Problem description: Each line of data below is to be returned exactly, leaving out any picture.

Data excerpt:
··········
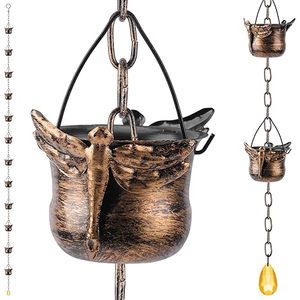 Chaîne de pluie artisanale en fer pour drainage de toiture et solution d'affichage d'ornements suspendus pour balcon rustique, avec option de marque privée - Product Image 1
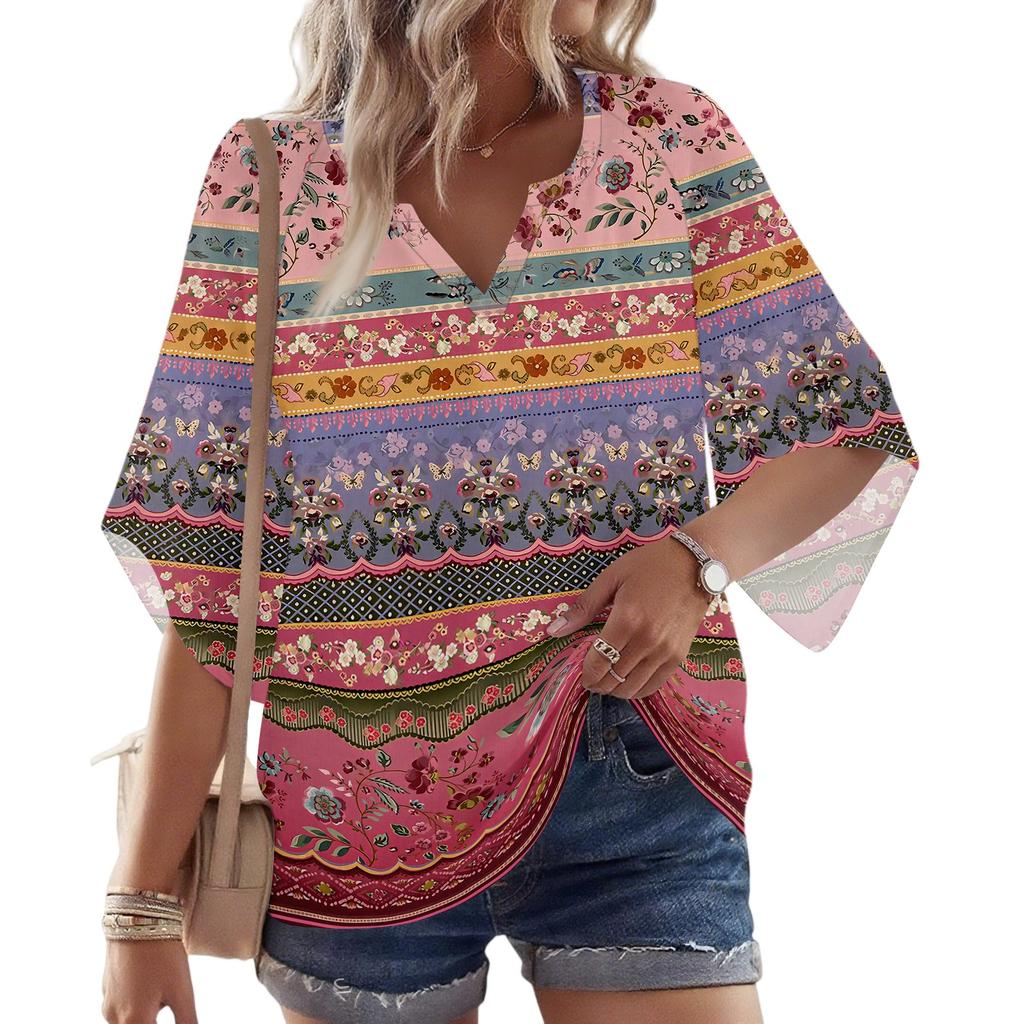Dámské 3/4 rukáv V květinové tričko Ležérní volný tunikový top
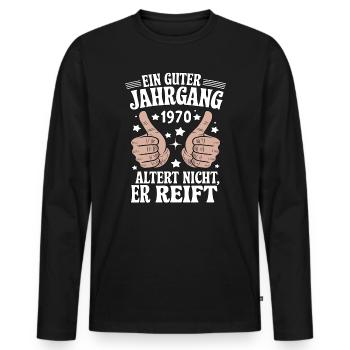 Un bon millésime anniversaire années 1970 - T-shirt manches longues Premium bio Homme - noir - Devant - Nico (187cm)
··········
Written reply:
 Chaîne de pluie artisanale en fer pour drainage de toiture et solution d'affichage d'ornements suspendus pour balcon rustique, avec option de marque privée - Product Image 1
Dámské 3/4 rukáv V květinové tričko Ležérní volný tunikový top
 Un bon millésime anniversaire années 1970 - T-shirt manches longues Premium bio Homme - noir - Devant - Nico (187cm)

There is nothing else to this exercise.